Right off the top, I am not talking about old Jean ‘Vroom Vroom’ Gauvin. Rather I am musing aloud (or in the blogsphere) about how AIMS’ Brian Lee Crowley reacts when he sees yet another auto plant incented with public funds to set up in Ontario. The latest is Honda which will announce this morning.
Ontario Economic Development and Industry Minister Joe and Premier Dalton McGuinty have courted numerous auto makers, including Honda, in the last few years with government aid packages to secure almost $7 billion (Cdn) in auto investments.
Honda, Toyota, Linamar, Ford, GM, DaimlerChrysler – all expanding in Ontario – with upwards of $ 1 billion in government incentives – generating $7 billion in community investments.
Do you think that Crowley winces every time he reads about another major business investment in Ontario? Do you think he finds some assurance in the fact that Atlantic Canada doesn’t seem willing to play in this game (except of course if you are a pulp mill about to go out of business in Atl. Canada – then you can write your own cheque for public funds)?
Or do you think he secretly has second thoughts? Do you think he secretly desires to abandon all this talk of letting the ‘market have its way’ in Atlantic Canada?
What a liberating thing it would be for BLC to just admit (as most economic development historians have) that many of the strongest economic development programs – rightly or wrongly – have relied heavily on government support through massive targeted tax breaks, grants, infrastructure development, or just plain great community marketing and promotion?

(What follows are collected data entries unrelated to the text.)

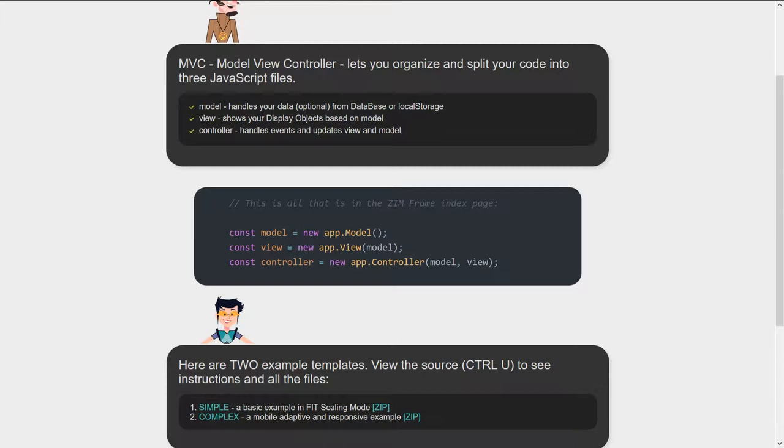We bring in the data through the model and we save the data through the model. And then there's a view which shows all your display objects and these might be based on the model and the data that you have. And we've got a controller, and how Zim breaks it up is the controller handles the events and it updates the view and the model.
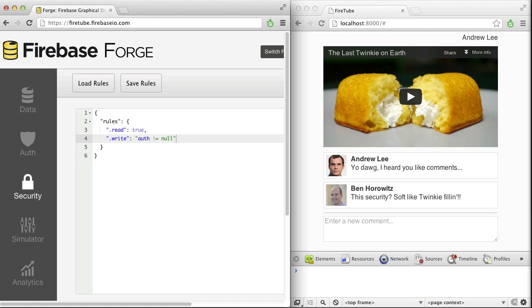Now you're probably thinking, wait, don't I need to set up access control lists or manage groups of users or something? With Firebase, there are no access control lists to manage or groups to set up.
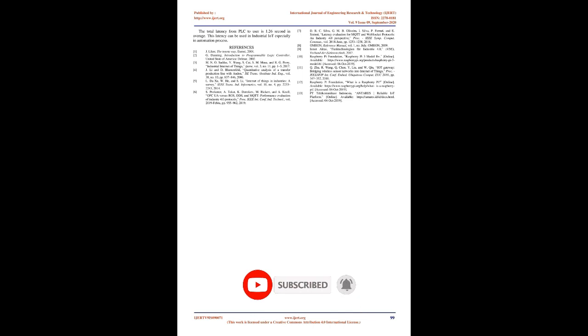Thirdly, the Android application has latency 0.575 seconds for download from cloud and 0.297 seconds for upload to cloud on average. The Android application also uses 1.8 KB for each Andon data. The total latency from PLC to user is 1.26 seconds on average. This latency can be used in industrial IoT especially in automation process.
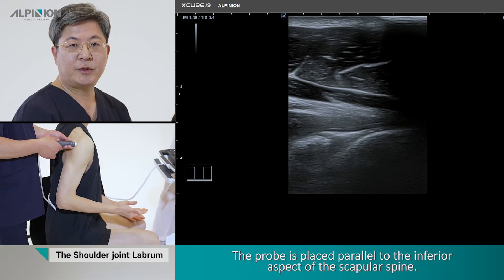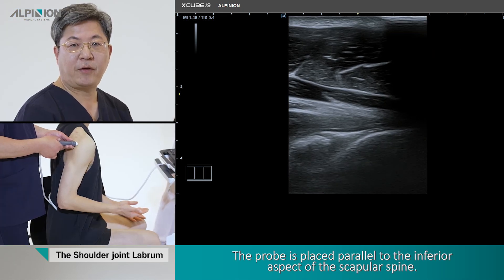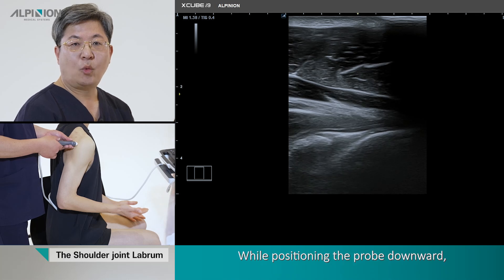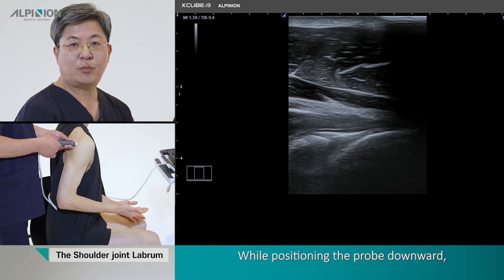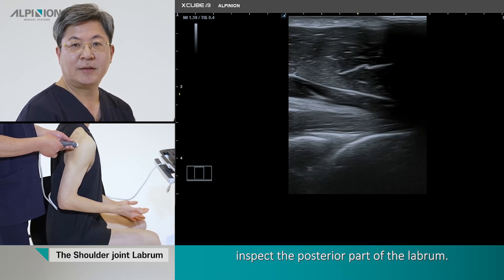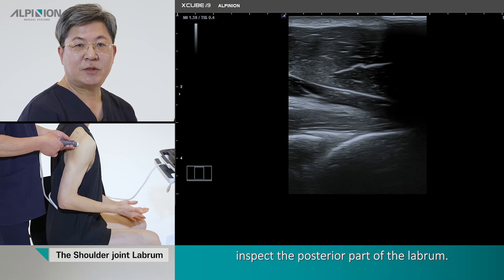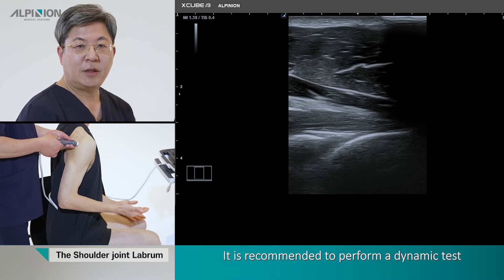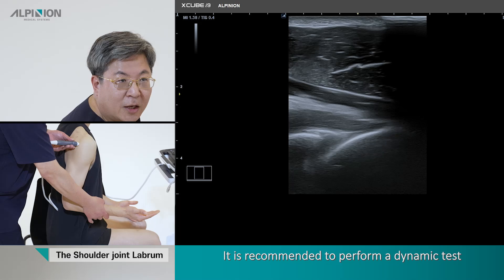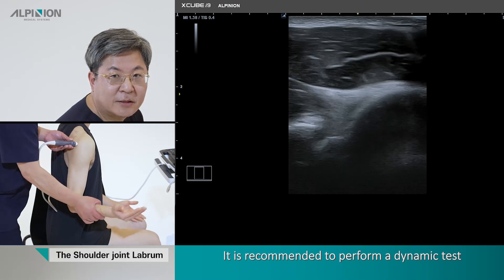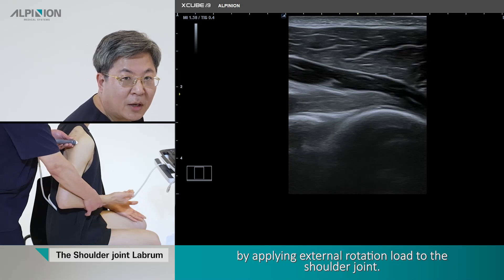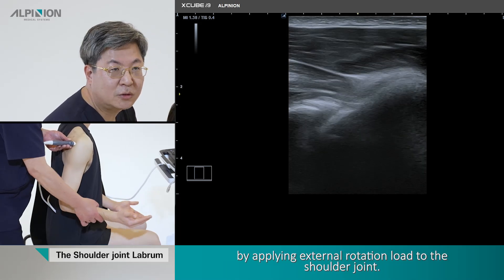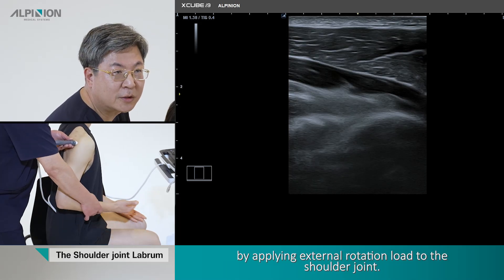Posterior labrum. The probe is placed parallel to the inferior facet of the scapula spine while positioning the probe downward to inspect the posterior part of the labrum. It is recommended to perform a dynamic test by applying an external rotation load to the shoulder joint.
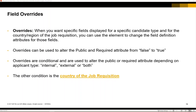Field overrides can be used when you want specific fields displayed for a specific candidate type depending on the country or region of the job requisition. You can use overrides to change the field definition attributes for those fields. The attributes that can be altered are public and required. It's very important to note that overrides can only be used to change the value from false to true — not the other way around from true to false.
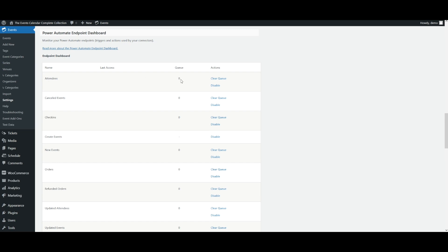Then we have Queue, which is the number of unprocessed flows queued for the corresponding endpoint. And last but not least, we have Actions: Clear Queue and Disable. Clear Queue wipes the queue for that endpoint clean, while Disable or Enable lets you enable or disable a specific endpoint.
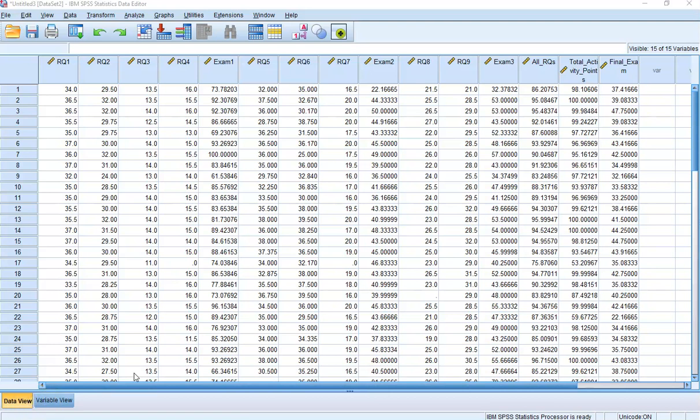Hello and welcome. This video is going to show you how to use SPSS to complete Activity 10-4. Specifically, you're going to be using Linear Regression.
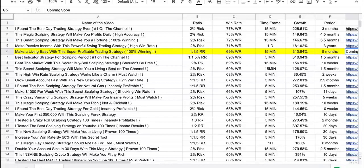Traders, I hope you enjoyed this amazing strategy I shared with you today. If you did, then smash the like button — it really helps with the algorithm.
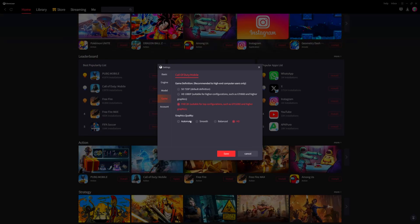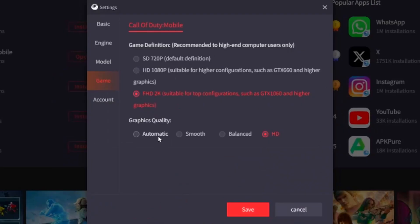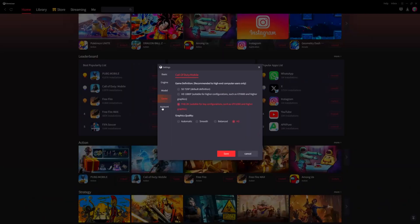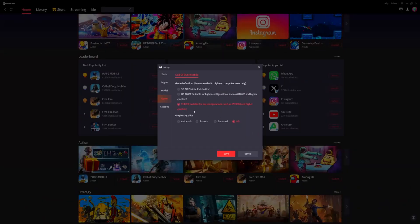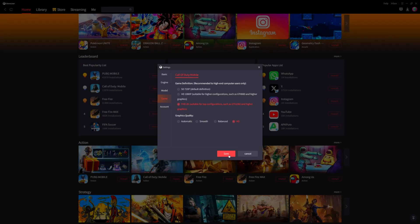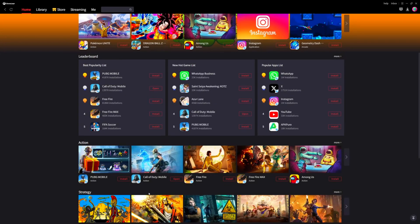For the graphics quality it was set to automatic, so I changed it to HD quality to give a better picture. Trust me — upgrading from 1080p to a 2K monitor is one of the best upgrades you can make. Once you've figured out the best settings for your setup, save that. I already have Call of Duty Mobile ready so we're going to open it up now.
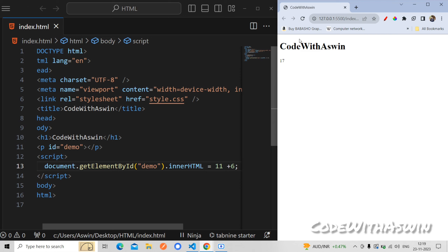There is an issue in the live server, so you can refresh. The result is 17. This is how most of you use JavaScript or standard CSS JavaScript. Next we're going to look at document.write.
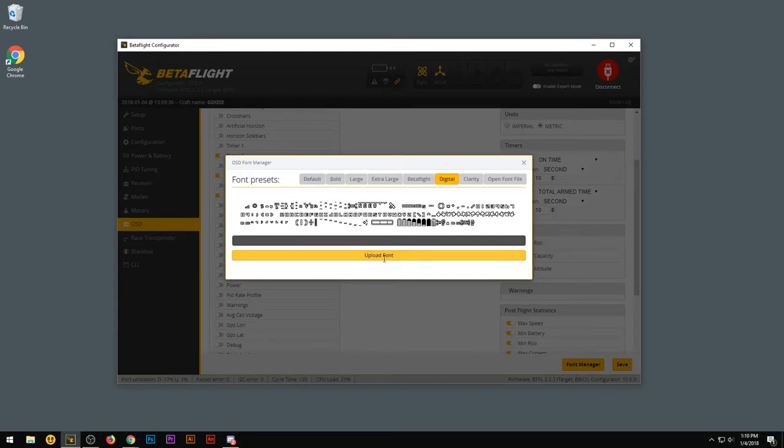So go ahead and upload font. But before you hit upload font, what you want to do is plug in a battery to your flight controller, so that way it has constant power.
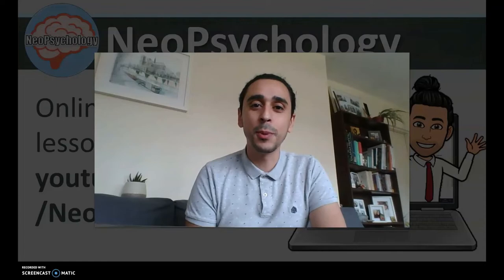Hello and welcome back to Neo Psychology with me, your teacher Mr Neo — the channel where I teach online psychology lessons for my wonderful students. Today we're carrying on with the attachment unit and we're looking at lesson two: Schaefer's stages of attachment. Let's get started.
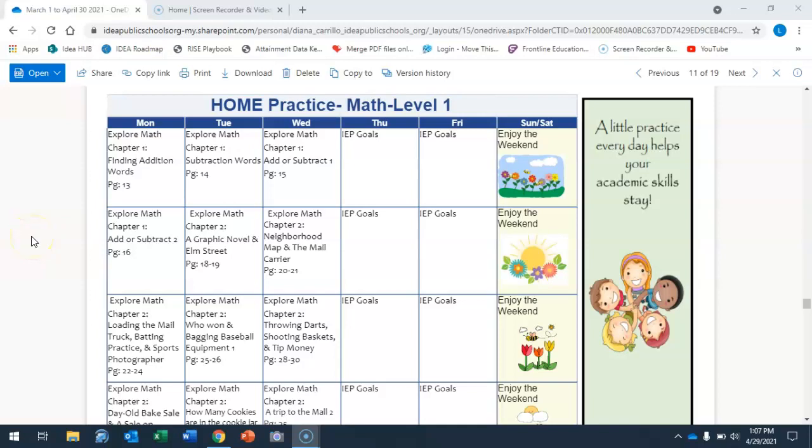Good morning boys and girls. So today we'll be doing math level one and this level one is for Joanna, Juan, and Mia. So let's go ahead and get started.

There is no magic when it comes to economic development. The communities and provinces that work the hardest, make the right investments and then sell the hoo hoo out of their community/province can attract industry. That’s a fact.
In a test tube environment, Brian L. Crowley may be right. Maybe governments should have no real role in local economic development. Maybe all provinces, states and communities should just agree to stop every incentive program, every marketing effort, every infrastructure development project. Let the ‘market’ decide.
But we live in the real world and Ontario is kicking our proverbial arse. Just as they did in the 1990s, 1980s, 1970s, 1960s right back to the early 1800s.
You would think that after 200 years, we would learn our lesson.
Join us, BLC. You may have to quit AIMS. You may have to burn your library of Carl Menger, Eugen von Böhm-Bawerk, Friedrich von Wieser, Ludwig von Mises, Friedrich Hayek, Murray Rothbard, Israel Kirzner and Hans-Hermann Hoppe. But then you may be able to add more relevancy to the debate in Atlantic Canada.